Закрыв дверь ванной комнаты, Вера с облегчением вздохнула – цепкий взгляд доставлял ей немалый дискомфорт. Умывшись, она смочила в холодной воде полотенце и какое-то время сидела на полу, приложив его к лицу. Затем еще раз опустила лицо под ледяные струи воды. Из зеркала смотрели на нее мертвенная бледность и воспаленные глаза с покрасневшими белками. «Если раньше я походила на приведение, то сейчас на приведение истеричное. Он, видимо, считает меня неуравновешенной… а что если, решив не терпеть подобное, поспешит от меня избавиться?» – испугалась Вера и перевела взгляд на дверь. Сколько времени прошло? Быть может, ему надоело ждать, и он соизволил уйти? Вернувшись в пустую комнату, она было обрадовалась, но приоткрытая дверь террасы и едва уловимый запах сигаретного дыма вернули ее в действительность. Мужчина задумчиво курил, и Вера нерешительно остановилась, не осмеливаясь войти.

– Проходи, – бросил он, не поворачивая головы.

Она несмело приблизилась, вдохнув сигаретный дым, кашлянула. Мужчина обернулся и, пристально глядя на нее, затушил сигарету.

– В пассивного курильщика тебе сейчас превращаться совсем ни к чему, – заключил он. – Пройдем в комнату.

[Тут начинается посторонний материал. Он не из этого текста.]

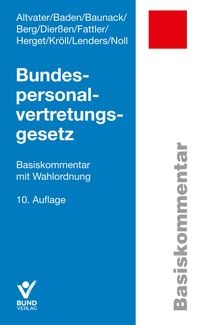 Produktbild: Bundespersonalvertretungsgesetz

Вера с облегчением подчинилась: от дыма ее едва не начало мутить. На спинке кресла лежал пиджак, и она опустилась на диван, отстраненно глядя перед собой. Эридеро сел рядом и негромко произнес:

– Мне сказали, ты сегодня весь день грустишь, почти не ешь, от лекарств отказалась… – Она промолчала. – Спишем это на ночной малоприятный инцидент. Завтра ты начнешь вести себя благоразумно, – уже знакомый тон, отметила Вера, не то просьба, не то приказ. – Я уезжаю по делам, ты останешься в доме одна… одна это с обслуживающим персоналом и охраной… – пояснил он.

В наступившей тишине Вере померещилось, или то было в самом деле так, что лишь удары ее сердца, неестественно громкие, вторгаются в безмолвие комнаты. Наконец он заговорил неоспоримым тоном, тем, который заставил ее, подслушивающую тот судьбоносный разговор, сжаться от страха.

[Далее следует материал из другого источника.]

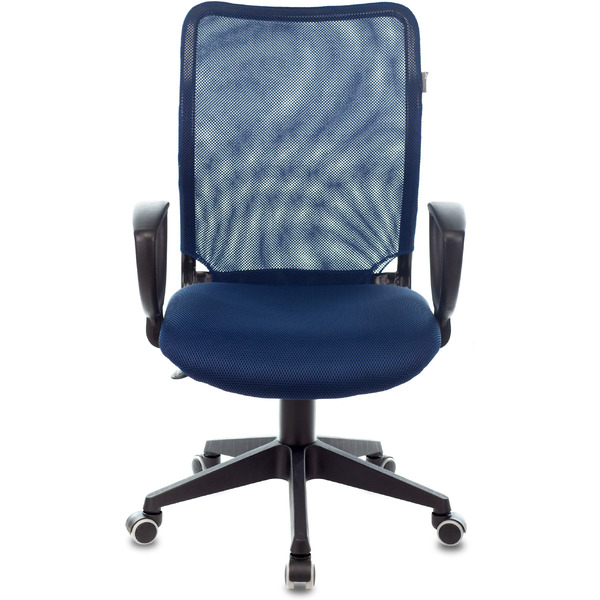 Кресло Бюрократ CH-599AXSN (темно-синий)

– Я сохранил тебе жизнь – это своего рода кредит доверия. Воспользуйся им правильно. Ты должна знать: у тебя нет и не будет второго шанса. Меня не подводят дважды. Никогда.

Вера непроизвольно сжала в кулаки лежащие на коленях руки. Заметив этот жест, мужчина улыбнулся.

– У тебя есть два варианта: смириться и принять предложенные условия игры или предпринять абсурдную попытку вырваться и заплатить за нее жизнью. В первом случае я гарантирую тебе защиту, во втором – быструю смерть, максимально безболезненную. Третьего не дано. Выбор невелик, но решать тебе.

– Защита или быстрая смерть… Вы очень щедры… – Она молчала довольно долго, а затем проговорила едва слышно и на удивление искренне: – Я не поблагодарила вас за сюрприз… очень невежливо с моей стороны…

– Как видишь, я выполняю обещанное. Всегда, – усмехнулся он. – Со мной выгодно сотрудничать и крайне неблагоразумно не сотрудничать…

– Вы помогаете мне, а я, прибывая в шоковом состоянии, не успеваю выражать благодарность, – помолчав, внезапно заговорила Вера тихим, мягким голосом. – Не думайте, в привычном состоянии у меня не столь замедленная реакция. Лучше поздно, чем никогда, так ведь? – уголки ее губ едва заметно приподнялись. – Спасибо за то, что пригласили врача и приставили ко мне Валентину, а она строже любой медсестры, за то, что защитили меня, а затем вернулись справиться о моем самочувствии… и за эту комнату – здесь очень красиво. – Она замолчала. Спохватившись, уточнила: – В первый вечер я успела поблагодарить вас?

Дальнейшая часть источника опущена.